=== Given information ===
________________________
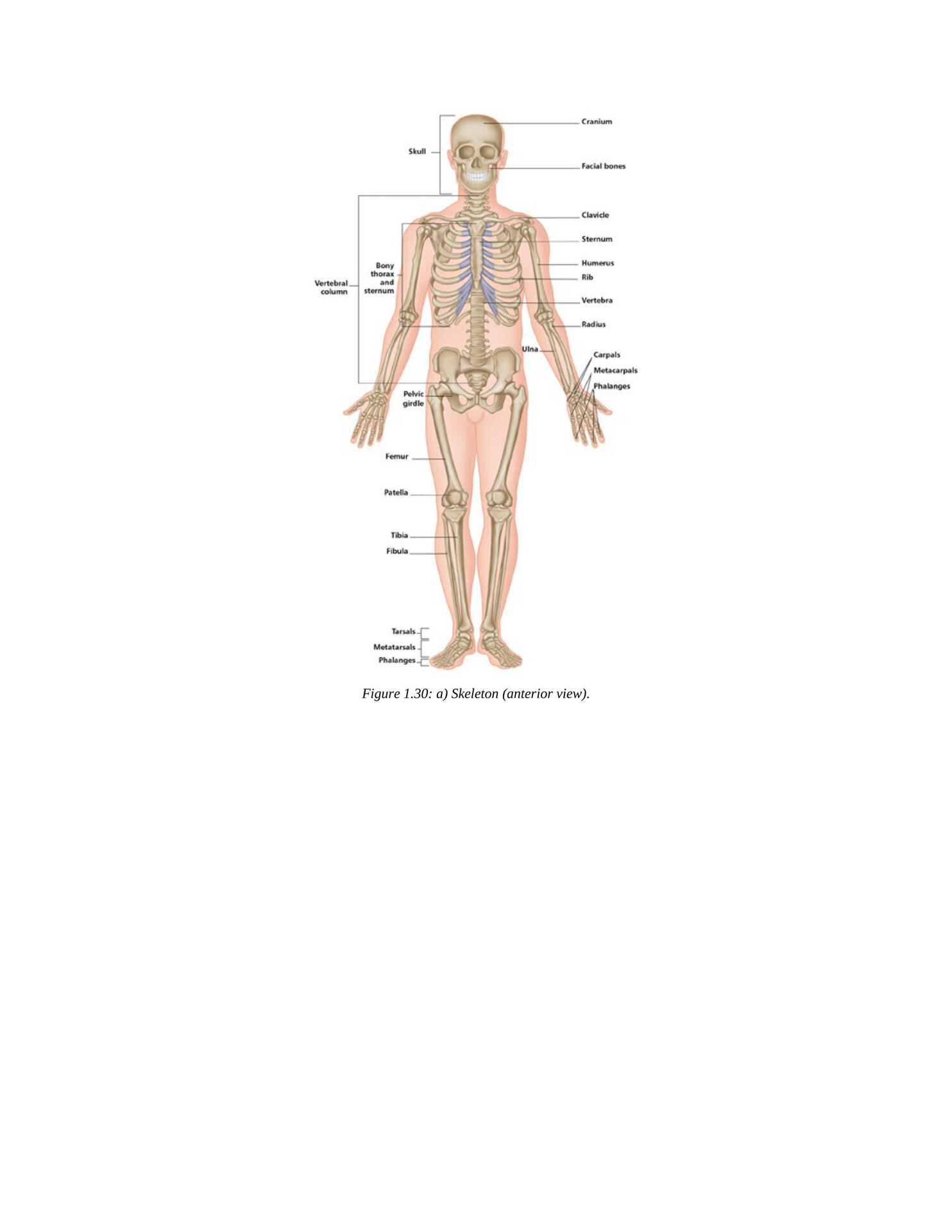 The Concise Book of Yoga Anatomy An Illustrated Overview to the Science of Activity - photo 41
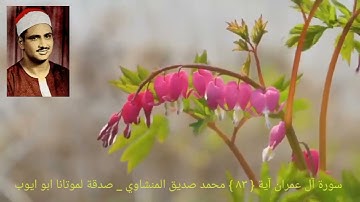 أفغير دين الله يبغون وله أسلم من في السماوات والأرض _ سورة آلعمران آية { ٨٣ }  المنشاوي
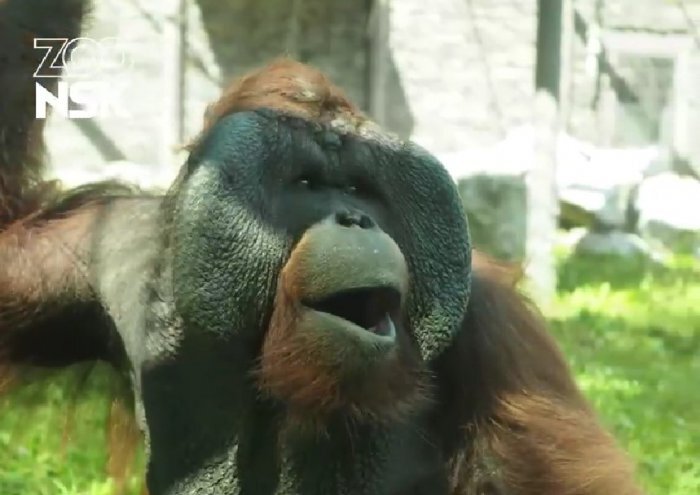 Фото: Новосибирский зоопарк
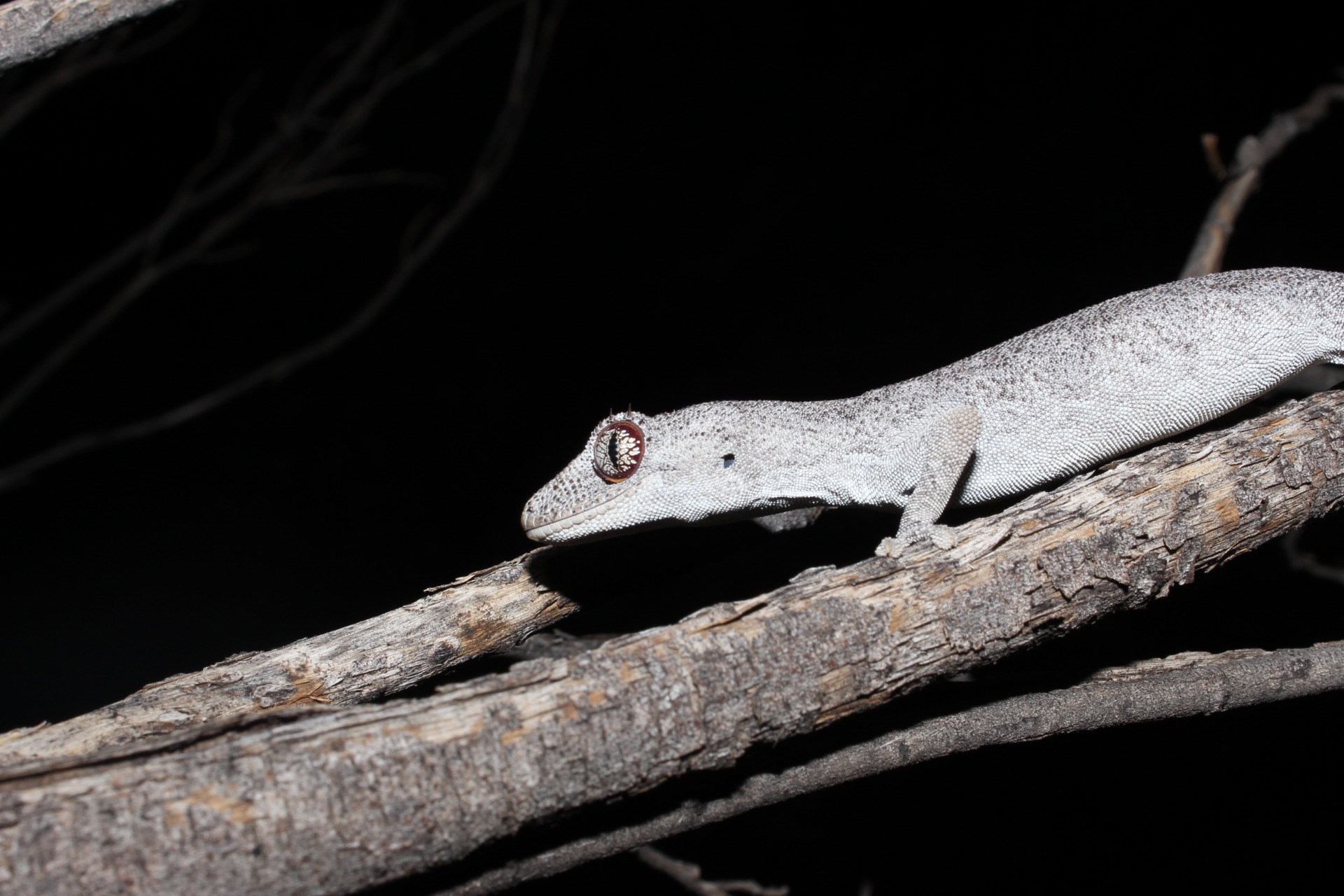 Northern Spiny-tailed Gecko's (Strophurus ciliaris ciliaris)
________________________
Set down again, exactly, the lines of the material above from its first line to the one with "Фото: Новосибирский зоопарк", inclusive. Leave the pictures out.

=== Answer for this exercise ===
 The Concise Book of Yoga Anatomy An Illustrated Overview to the Science of Activity - photo 41
 أفغير دين الله يبغون وله أسلم من في السماوات والأرض _ سورة آلعمران آية { ٨٣ }  المنشاوي
 Фото: Новосибирский зоопарк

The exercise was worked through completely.